Antisemitic graffiti was found etched into the walls of a dormitory elevator at the Peabody Institute, according to an email sent on Jan. 26 by University President Ronald J. Daniels and Provost Sunil Kumar.
The graffiti, which has since been covered up, was of four swastikas, an emblem of the Nazi Party that continues to be used today by white supremacists.
“Johns Hopkins University unequivocally condemns the use of this symbol of hate and the antisemitism it embodies in all its forms,” Daniels and Kumar wrote. “We take seriously this and every incident that glorifies hate and violence, and we will continue to investigate and to take all appropriate action to protect the safety and well-being of all members of our community.”

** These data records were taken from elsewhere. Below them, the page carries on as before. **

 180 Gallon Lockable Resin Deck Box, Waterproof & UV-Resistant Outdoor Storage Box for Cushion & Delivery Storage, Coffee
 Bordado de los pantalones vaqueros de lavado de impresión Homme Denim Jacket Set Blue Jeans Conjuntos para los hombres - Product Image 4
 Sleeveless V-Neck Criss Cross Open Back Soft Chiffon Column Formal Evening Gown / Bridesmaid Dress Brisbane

Prior to the email, student groups including Jewish fraternity Alpha Epsilon Pi (AEPi) and the Jewish Student Association of Peabody (JSAP) posted statements on Instagram about the incident, which occurred on Jan. 25 and has since been officially labeled as a hate crime.
AEPi Sentinel and sophomore Nathan Felmus spoke to the graffiti’s hatefulness in an interview with The News-Letter.

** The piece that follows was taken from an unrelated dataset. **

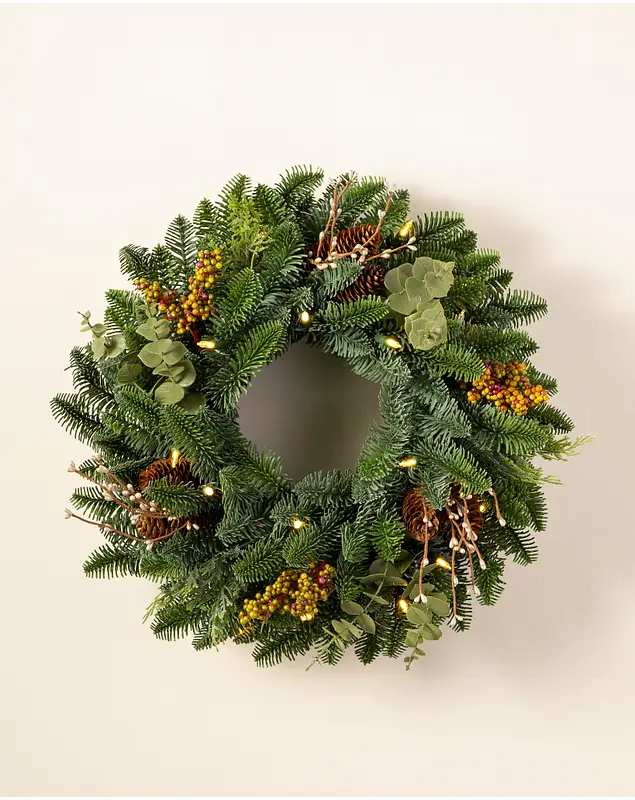 18 inches clear led Mountain Meadow Wreath by Balsam Hill SSC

“When something like this happens, I think about my family and my friends who are Jewish, but it affects everyone, not just Jews,” he said. “It’s sad when there is a symbol of hate that is so universal that when it is discovered you have to think, ‘Which person is this meant to target?’”
In an email to The News-Letter, JSAP Vice President and Peabody junior Philip Barsky voiced his appreciation for the University’s response to the hate crime.
He also emphasized that the graffiti makes him feel threatened.
“This shocking incident does make me slightly unsafe on campus and like I should be looking over my shoulder, at least while I’m at Peabody,” he wrote. “Before this incident I didn’t believe [antisemitism] was an issue at all. I felt, and still feel, very in touch with the Jewish community here at Hopkins through Hillel and do not feel much pushback from any of my peers.”
Felmus shared that expressions of hate have been so prevalent in his life that they no longer shock him. He is, however, still disturbed when they occur.
“It is unequivocally disgusting, hateful and malicious,” he said. “That somebody would carve it somewhere that so many people will walk past everyday, basically saying you are not welcome here, makes me sad.”
AEPi President and Peabody sophomore Eli Wasserman noted that the vandalized elevator was located in his first-year building.
“You see articles about antisemitic attacks at college campuses, but like many other shocking events, you never expect them to happen right at home, especially at your dorm,” he said.
In their email, Daniels and Kumar mentioned that antisemitic hate crimes are at an all-time high nationwide.
They stated that they alerted Campus Safety and Security of the incident and also launched an investigation through the Office of Institutional Equity.
Executive Director of Hillel Noam Bentov commended the University’s response in an interview with The News-Letter, highlighting the involvement of federal law enforcement.
Felmus sees the incident, which occurred just days before International Holocaust Remembrance Day on Jan. 27, as an opportunity to further educate the Hopkins community about the history of antisemitism.
“The state of Holocaust education in this country is just horrible. There are statistics that come out every year about how little accurate information is being taught about the Holocaust,” he said. “I think it is the responsibility of organizations like [AEPi] to connect people to resources and give not just Jewish students but all students who were disturbed or confused by this some way to deal with that.”
During the Holocaust era, the Nazis murdered six million Jews as well as millions of other groups, including Poles, gay men and people with disabilities, as well as religious and political dissidents.
Wasserman, whose grandfather survived the Holocaust, believes that education through exposure to Holocaust survivors and their relatives will be most effective in making people recognize the hate that the swastika symbolizes.
“Hearing personal stories, you realize the meaning and the weight behind this terrible symbol,” he said. “You see that it’s real people’s lives and stories that have been torn up because of this symbol, and now it’s just being etched on an elevator without a second thought.”
Peabody administrators are also holding a town hall from 6 p.m. to 7 p.m. on Jan. 28 to hear student concerns.
Claire Goudreau contributed reporting to this article.